How my past as a black woman informs my black male feminist perspective today

Although I am not new to masculinity, I am new to being a black man.

I am new to the experience of male privilege and its consequence of authority, as well as the disprivilege of race that marks my black male body as innately suspect. It is the delicate balance between power and criminal that has allowed me to see the machinations of misogyny in an entirely different light. Whereas black cisgender men have generally approached feminist discourse through the academic texts and writings of black women, for me, it is my lived experience as a black female that has shaped the ways in which I embrace and practice black feminism.

Prior to physical transition, I wasn’t naive to the ways in which certain forms of black masculinity contribute to the oppression of women. I grew up in a family of single black women who loved, really loved, black men even though it was their husbands, boyfriends and sometimes brothers who were the perpetrators of emotional and physical abuse.

I watched my mother, my beautiful mother, struggle with the demons of mental illness and drug use. Her sickness, it seemed, gave the men in the neighborhood free range to take advantage of her financially and sexually. Though I’ve never met him to form an opinion, my aunt still declares it was my absent father who literally drove my mother to madness.

I was witness to the sadness my grandmother felt as all three of her sons followed in their father’s alcoholic footsteps. She still smiled through all of the pain but I saw the sadness when my uncle, her child, routinely threatened her in the same ways as did the abusive husband she left years before.

I learned to resent black men.

As I grew and my body changed, so did my interactions with males that I encountered. I suffered the threat of sexual violence as my female body consistently invited unsolicited advances from (black) men despite my masculine presentation.

I became more aware of the ads, music, and propaganda that told me that I was ugly, unattractive, and good enough only as a sexual object for black men. Even though intro courses to race and women’s studies in college began to offer me the critical tools to somewhat reject these images, I still felt shame as it was impossible to escape the reality that sexist images of black women suffocated me.

When I began to date women, I repeatedly encountered the aggressive homophobe who thought their magical black dicks could turn me “straight.” In some instances, I would rebuff their advances with jokes though I was well aware of the possibility of danger in doing so.

I learned to fear black men.

Although my relationship with black men and masculinity was fraught, I still desired to be one; I knew that gender transition would be a necessary part of my life’s journey.
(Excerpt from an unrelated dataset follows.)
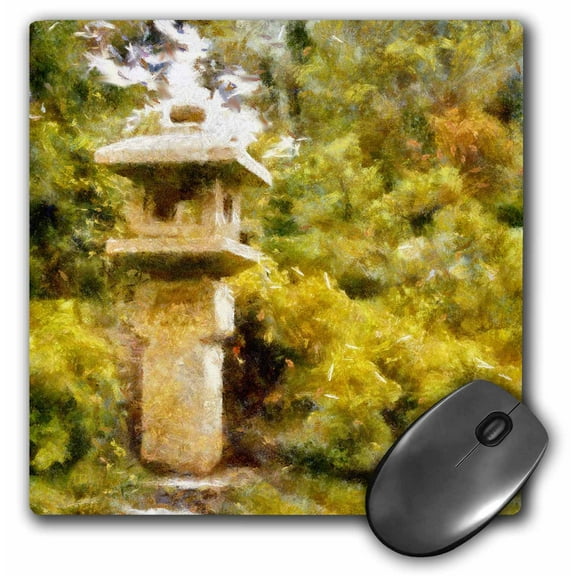 3dRose, Japanese Stone Lantern and Garden, MousePad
For some transmen, their female past conjures up memories of pain and humiliation, and rightfully so. These feelings are not absent from my journey but I’ve come to embrace my past as a beneficial asset to my practice of a progressive black masculinity.
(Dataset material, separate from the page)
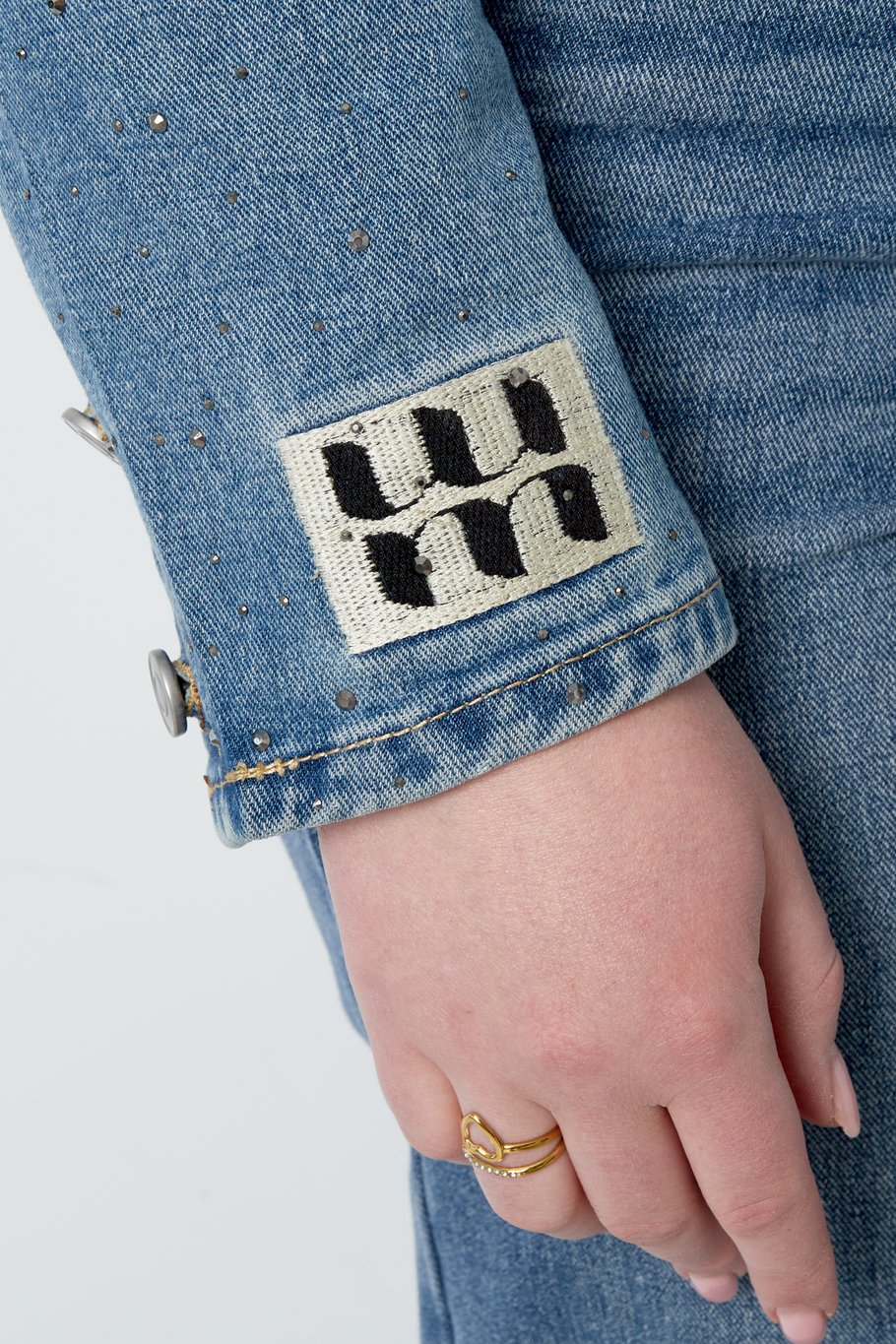 Jeansjacke - Blau Bild4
Primarily, I am very careful with my interactions with women in order to not be perceived as a physical threat. I am always thoughtful of my newfound “bulk” due to hormones and the ways in which my masculine body moves and occupies space. While walking on the streets, I maintain my distance from women. I avoid eye contact unless we are engaging in mutual conversation and even then, I do not stare. The memory of harassment as a woman doesn’t allow me to.

In professional situations, I am always aware of my male privilege. I do not hog the intellectual space and make it a point to deeply value the input of my female collaborators. My goal is not to be the dominant voice of reason but to attempt to exist as an equal colleague. Furthermore, in my work I find it very important to centralize the experiences of women to supplement the work that they are doing for themselves.

Although I identify as a heterosexual male, in my relationship with my partner I strive to avoid replicating the harmful gendered dynamics that are traditionally associated with heterosexuality. I make it a point to share my feelings and evaluate my shortcomings. I am not perfect and sometimes I slip but the emphasis I’ve placed on expressing my feelings has provided a deviation from conventional notions of black masculinity. This gesture does not negate my manhood; rather it permits me to love and perform gender in a much healthier way.

Additionally, I do not use my manhood as an excuse to cheat, to view my partner as another sexual conquest, or to marginalize her feelings.

In my brief experience of living as a black male, I’ve learned that it is difficult to challenge misogyny in male dominated spaces. I have found myself in a number of uncomfortable situations with men who openly insult and humiliate women and I feel silenced. Not because of the fear of being outed as trans but I fear being perceived as a failed version of black masculinity–a fear that I believe imprisons all black men–adding to the reproduction of a violent patriarchal society.

I am not a perfect man. I am not immune to the assumptions that are expected of me and sometimes, I act them out. However, my transition journey has allowed me to begin the process of forgiving my absent father, my alcoholic uncle, and the cat-calling homophobe on the corner.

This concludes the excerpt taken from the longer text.